YOUR INSTRUCTIONS: In the listing that follows, give every line again exactly and omit the pictures.

*** Opening of DATASET ENTRIES ***

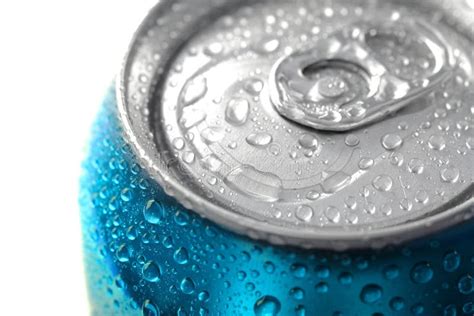 Lata Fresca De Refresco Gaseoso Gotas De Agua Refrescante Refrescante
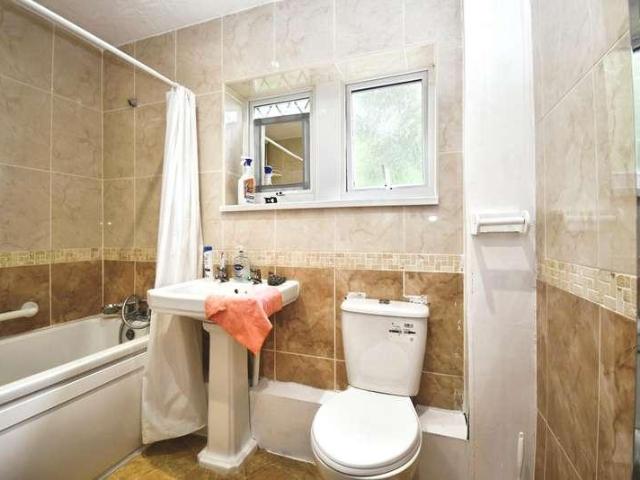 House for sale in Orchard Park, Hull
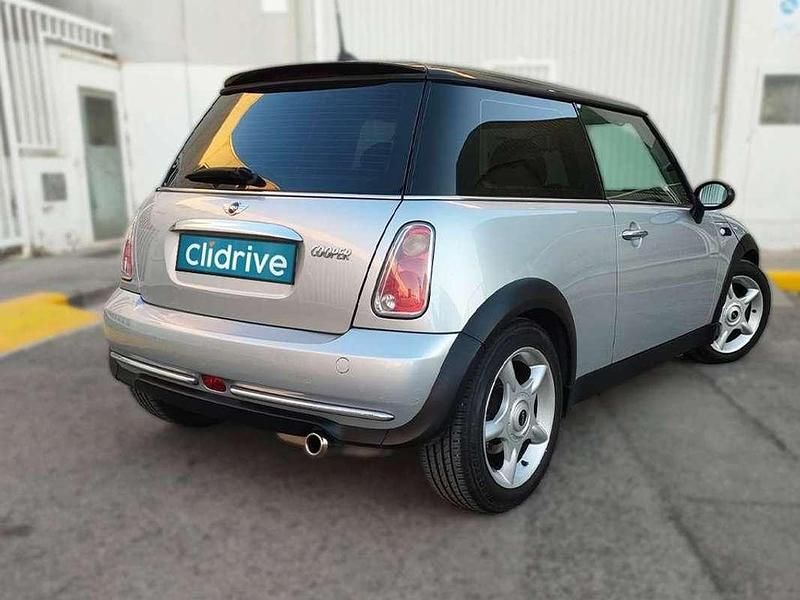 Usado Mini Cooper 116 CV (85 kW) 2005 Gris Utilitario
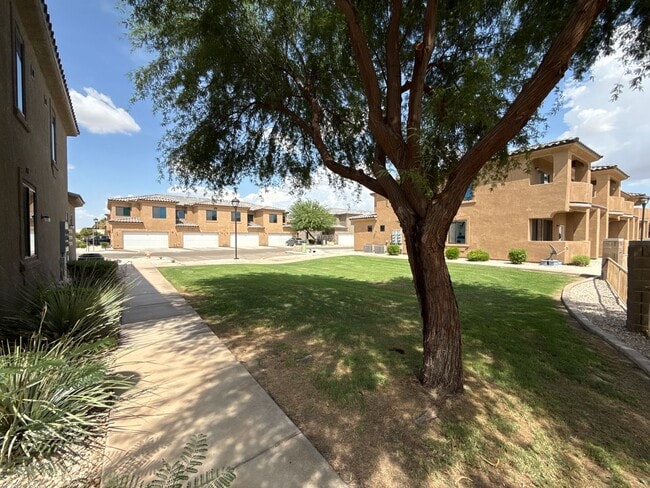 Building Photo - Luxury End Unit in El Dorado Condo for Rent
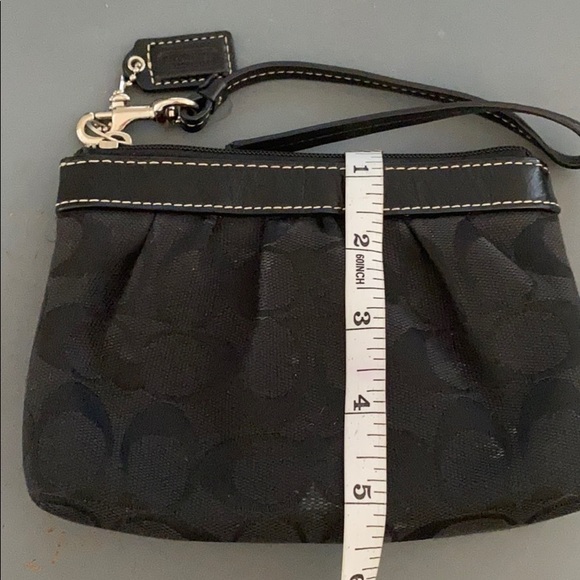 Coach wristlet - Picture 3 of 4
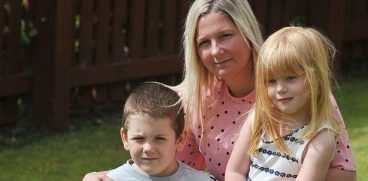 Mamă, diagnosticată cu cancer terminal, a încălcat carantina și a plecat în ultima vacanță cu copiii. Premierul i-a dat voie | Demamici.ro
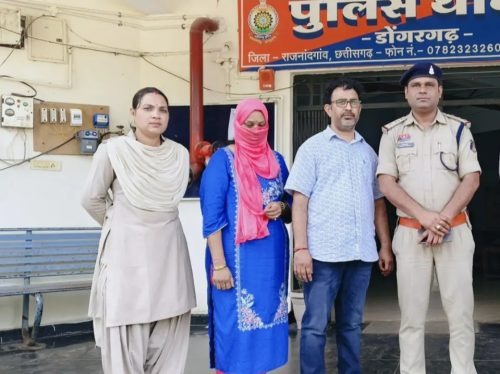CG : Axis Bank के स्टाफ ने ग्राहकों के नाम पर कर दिया करोड़ों का फ्रॉड, पति-पत्नी के फ्राॅड के किस्से सुन पुलिस भी रह गयी दंग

*** Close of DATASET ENTRIES ***

RESPONSE:
 Lata Fresca De Refresco Gaseoso Gotas De Agua Refrescante Refrescante
 House for sale in Orchard Park, Hull
 Usado Mini Cooper 116 CV (85 kW) 2005 Gris Utilitario
 Building Photo - Luxury End Unit in El Dorado Condo for Rent
 Coach wristlet - Picture 3 of 4
 Mamă, diagnosticată cu cancer terminal, a încălcat carantina și a plecat în ultima vacanță cu copiii. Premierul i-a dat voie | Demamici.ro
CG : Axis Bank के स्टाफ ने ग्राहकों के नाम पर कर दिया करोड़ों का फ्रॉड, पति-पत्नी के फ्राॅड के किस्से सुन पुलिस भी रह गयी दंग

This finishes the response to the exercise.